DarkSide is The Perpetrator
The company was attacked by a ransomware program created by DarkSide, a cybercriminal group believed to operate outside of Russia. The note said hackers had “exfiltrated” material from the company’s internal drives, and demanded about $5 million in exchange for the files.
Blount said that shortly after they found the ransom note, the company immediately took the decision to shut down the entire fuel pipeline.
“At around 5:55 a.m. employees began the shutdown process. At6:10 a.m., they confirmed that all 5,500 mile pipelines had been closed,” Blount wrote.
The decision to close this entire pipeline was driven by the need to isolate and contain attacks to help ensure malware doesn’t spread to the company’s operational technology network, which controls our pipeline operations, if it doesn’t already.

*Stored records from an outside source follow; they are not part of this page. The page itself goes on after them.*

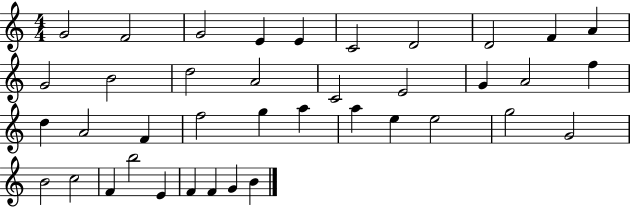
{
  \clef treble
  \numericTimeSignature
  \time 4/4
  \key c \major
  g'2 f'2 | g'2 e'4 e'4 | c'2 d'2 | d'2 f'4 a'4 | \break g'2 b'2 | d''2 a'2 | c'2 e'2 | g'4 a'2 f''4 | \break d''4 a'2 f'4 | f''2 g''4 a''4 | a''4 e''4 e''2 | g''2 g'2 | \break b'2 c''2 | f'4 b''2 e'4 | f'4 f'4 g'4 b'4 | \bar "|."
}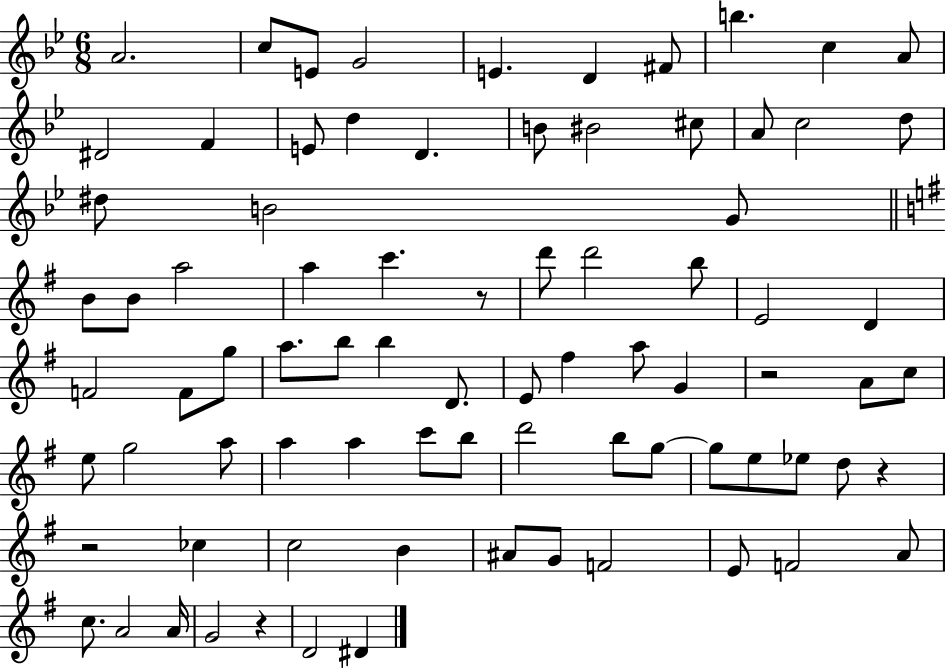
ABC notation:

X:1
T:Untitled
M:6/8
L:1/4
K:Bb
A2 c/2 E/2 G2 E D ^F/2 b c A/2 ^D2 F E/2 d D B/2 ^B2 ^c/2 A/2 c2 d/2 ^d/2 B2 G/2 B/2 B/2 a2 a c' z/2 d'/2 d'2 b/2 E2 D F2 F/2 g/2 a/2 b/2 b D/2 E/2 ^f a/2 G z2 A/2 c/2 e/2 g2 a/2 a a c'/2 b/2 d'2 b/2 g/2 g/2 e/2 _e/2 d/2 z z2 _c c2 B ^A/2 G/2 F2 E/2 F2 A/2 c/2 A2 A/4 G2 z D2 ^D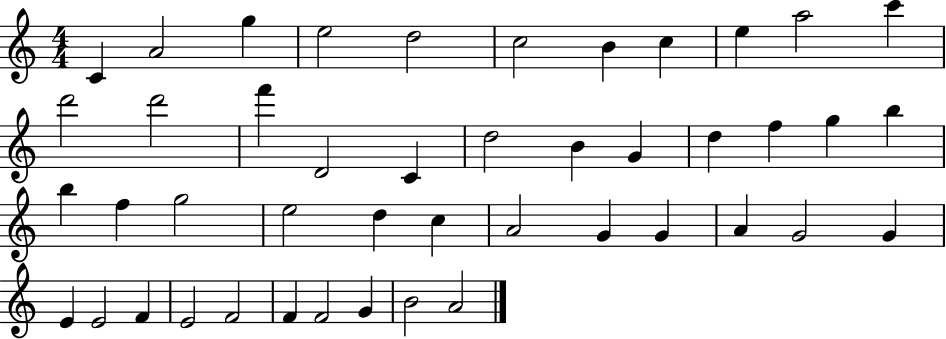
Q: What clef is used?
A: treble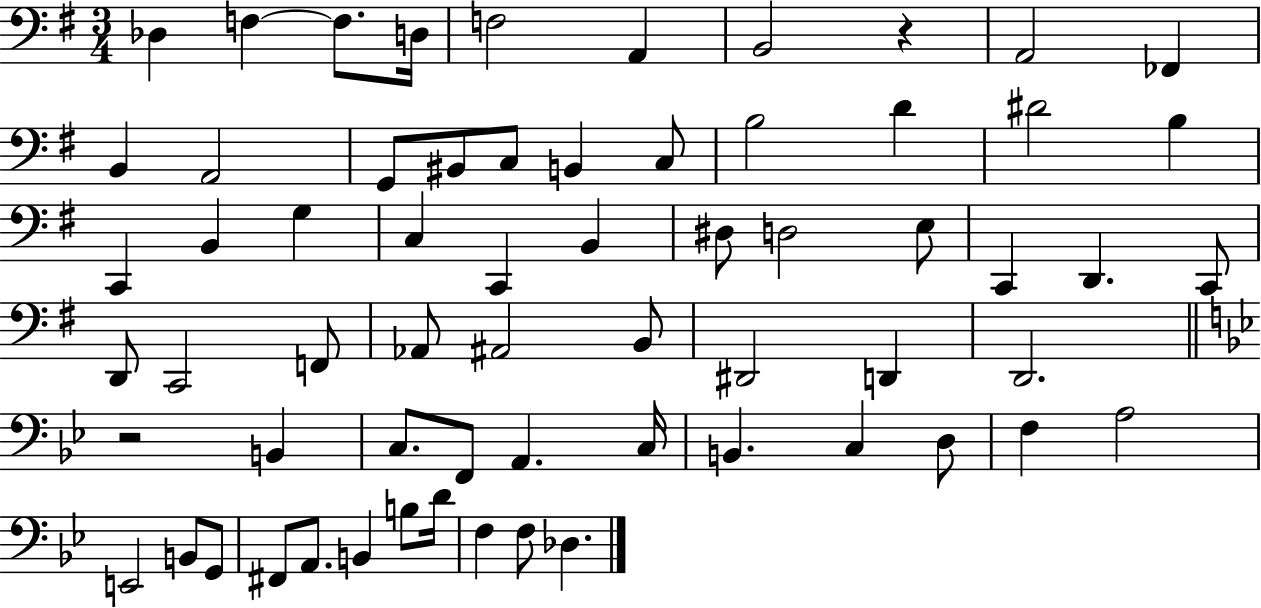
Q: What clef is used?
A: bass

The closure caused major disruption to gas shipments carried out by the company.
Blount also testified about a ransom of about $5 million the company paid the DarkSide hackers. He revealed that Colonial Pipeline paid the ransom one day after the company was hit.
“I made the decision that Colonial Pipeline will pay a ransom for every tool available to us to quickly get the pipeline back up and running,” Blount said.
“It was one of the toughest decisions I had to make in my life. At the time, I kept this information because we were concerned about operational security and minimizing publicity to threat actors,” he said.